Aim of the task ::
Would you transcribe only the lines below, from the one containing "Calcio - Barclays" through the end of the material, exactly and with no pictures?

Task material ::
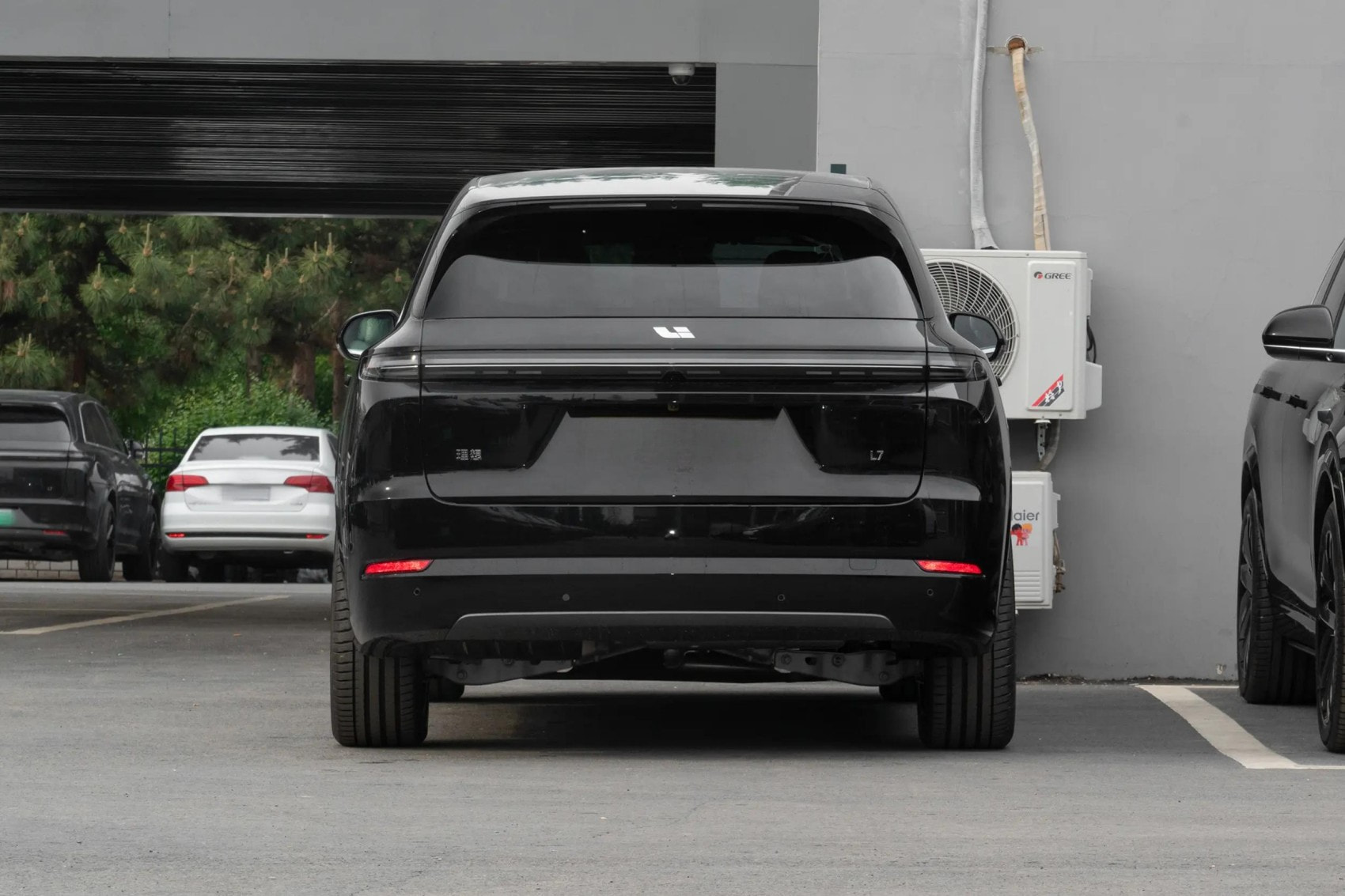2025 LI AUTO Max Lixiang L7 Pro Leading L7 Ultra 5-Seat Hybrid SUV New Energy AWD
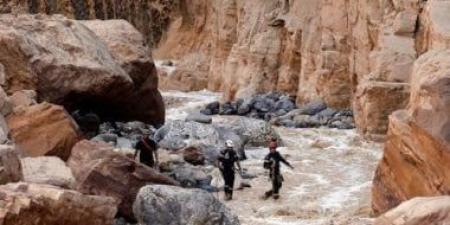 سيول عارمة تجتاح مدينة البترا في الأردن والسلطات تجلى السياح.. فيديو - الكويت الاخباري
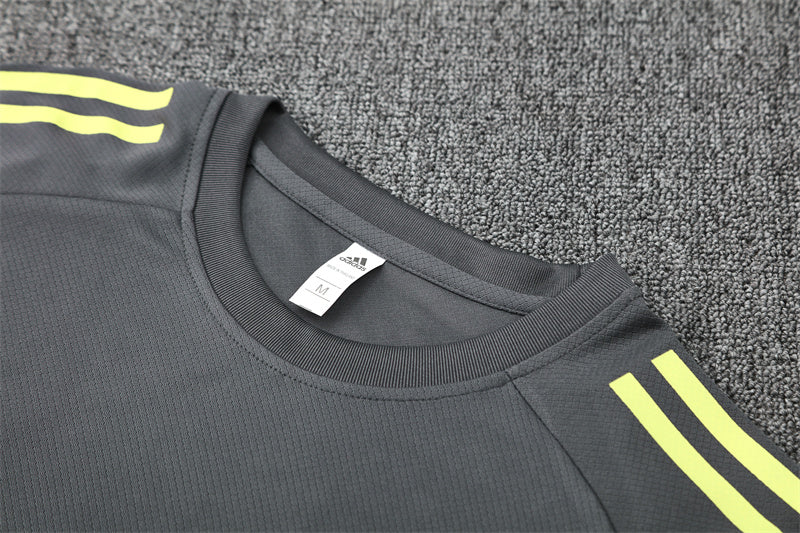 Set Oficial Real Madrid Alternativo 25/26 – Estilo Sobrio con Toque Neón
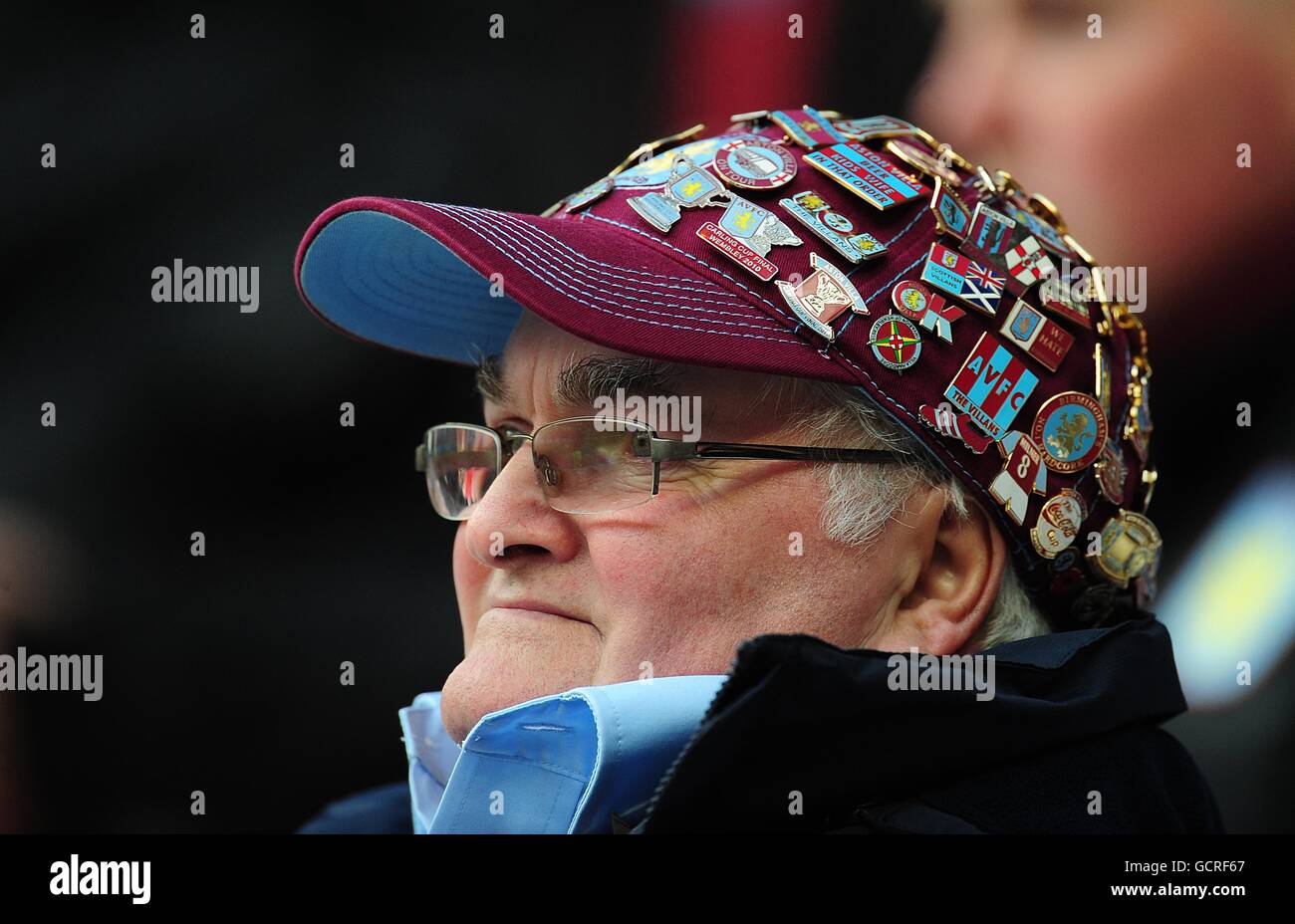 Calcio - Barclays Premier League - Sunderland / Aston Villa - Stadio di luce. Un fan di Aston Villa indossa un cappellino adornato con badge Foto Stock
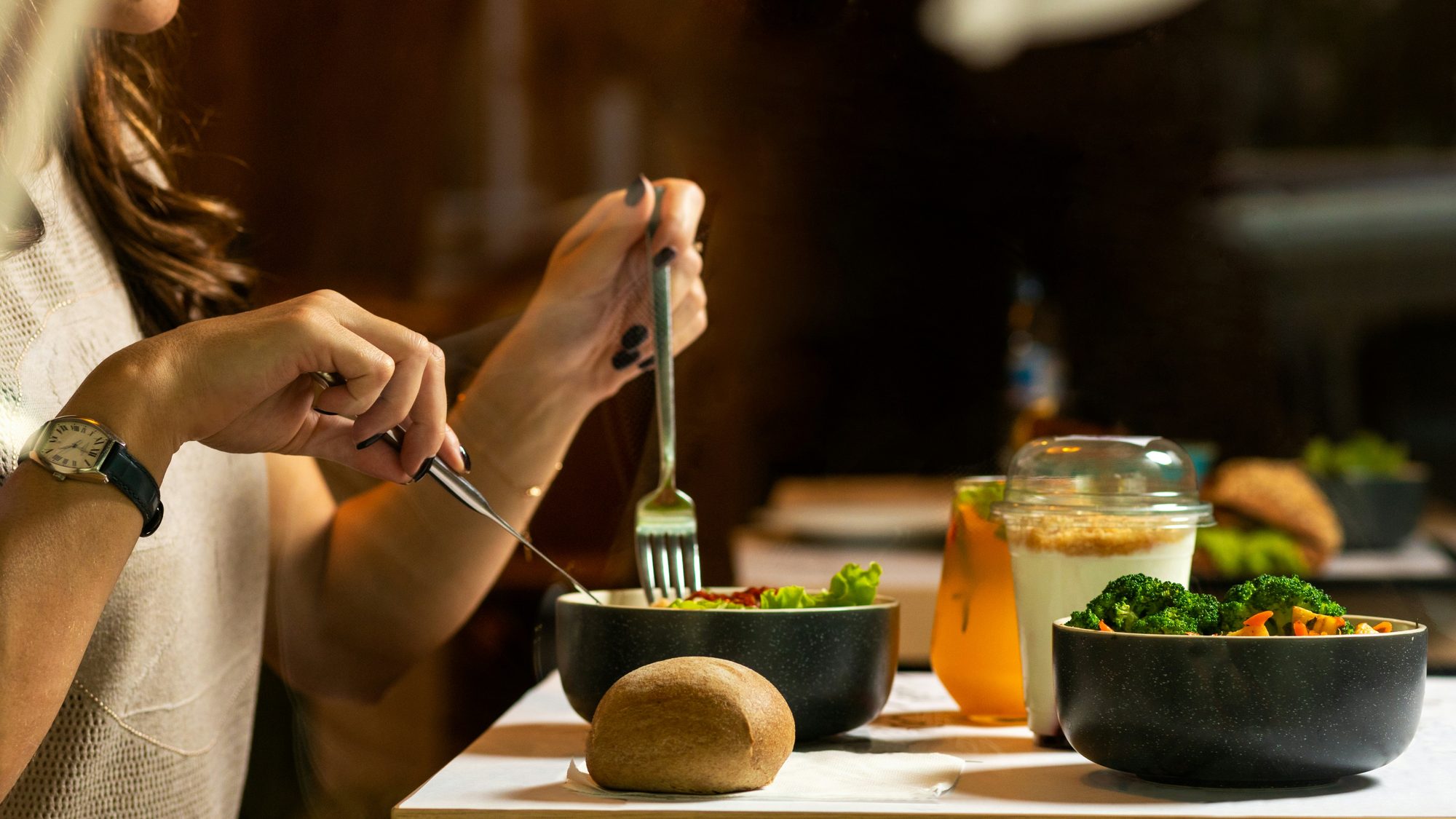 Persona comiendo un bowl de verduras en una mesa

Solved exercise ::
 Calcio - Barclays Premier League - Sunderland / Aston Villa - Stadio di luce. Un fan di Aston Villa indossa un cappellino adornato con badge Foto Stock
 Persona comiendo un bowl de verduras en una mesa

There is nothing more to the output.